New Ways to Practice Law

One of the first sessions at the ABA meeting had Tom Mighell and Nerino Petro, two legal tech experts, talking about using tablet computers in the practice of law. Essentially they took us through the competitors and their comparative advantages. 

(I must say one thing at the start: there was no wifi; there is no wifi at all at the ABA meeting. This is almost impossible to believe and very hard to understand today.)

Here’s how I understood what I heard.

Apple’s iPad is clearly in the lead. For one thing, Apple has an 18-month head start on the others, which means that there’s a large number of apps available to lawyers, something that’s not true for Android-based tablets. As well, the iPad got praised for its stability, long battery life, and available security settings. 
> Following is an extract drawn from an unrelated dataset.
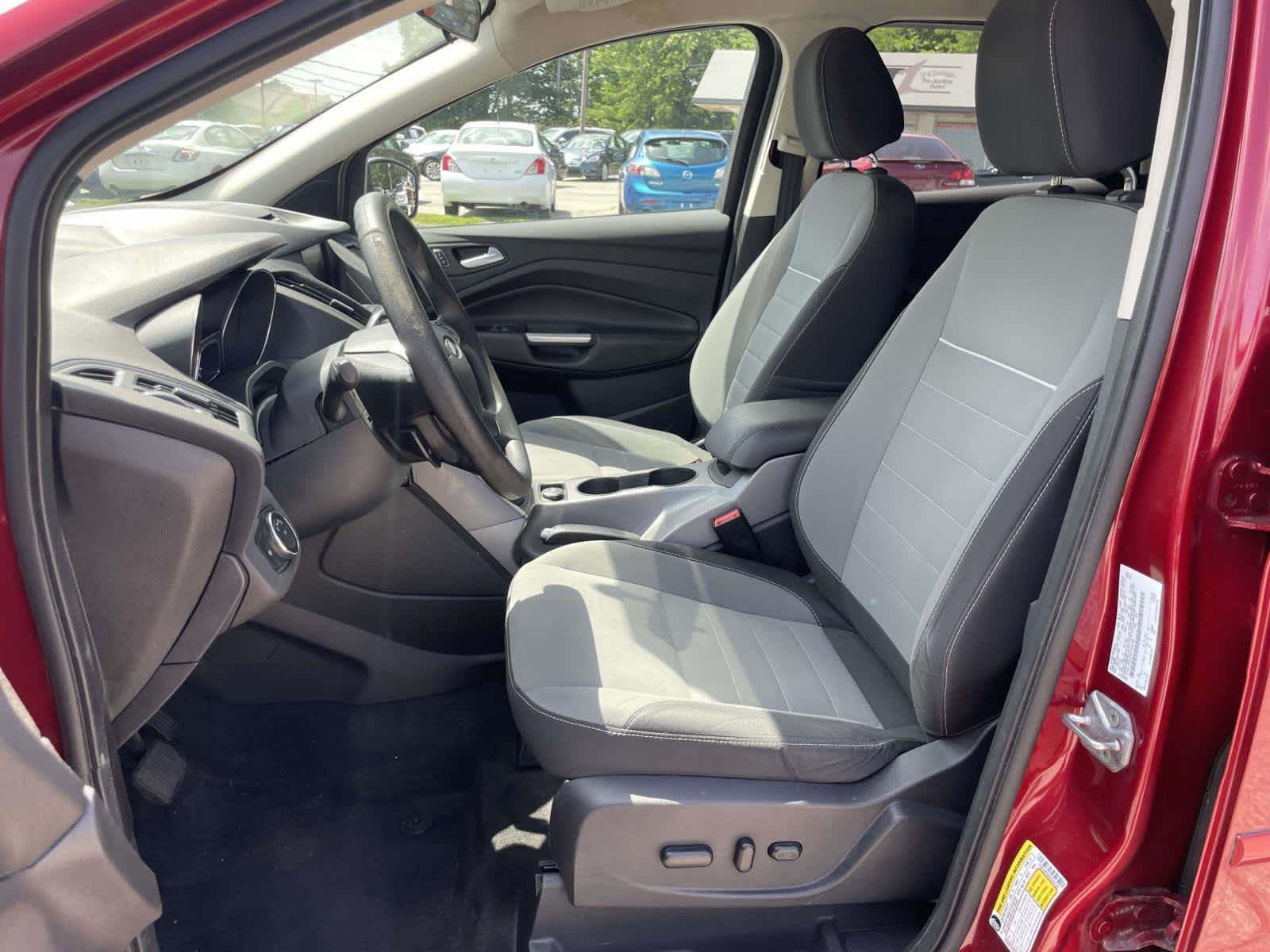 Used 2014 Ruby Red Tinted Clearcoat Ford SE image 17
Android tablets have some real advantages, though, that are likely to give these machines the edge, when the apps start rolling in: they handle multi-tasking better than the iPad; unlike the iPad they have a file system; they accept flash drives; they run Flash; and the apps don’t have to come through a corporate bottleneck, as is the case with Apple’s App Store. I’d add that as yet, Apple has the edge so far as the hardware and their ability to stand behind it are concerned. 

RIM, of course, has the PlayBook, but neither of the presenters had any familiarity with this new tablet, and so weren’t able to offer much by way of evaluation. 

A fourth player, still rare on the market, is Windows-based tablets. These have the obvious advantage of running exactly the same apps as you’d find on your Windows desktop. 

There was a lot of discussion of apps, essentially all iPad apps, that are specifically tailored to lawyers. I’ll make these the subject of another post later on today.

Comments

  1. Let me add that I’ve just learned that Tom Mighel’s book iPad in One Hour for Lawyers is now available as an e-book in the ABA Web Store. Oh, and you don’t have to have an iPad to read it.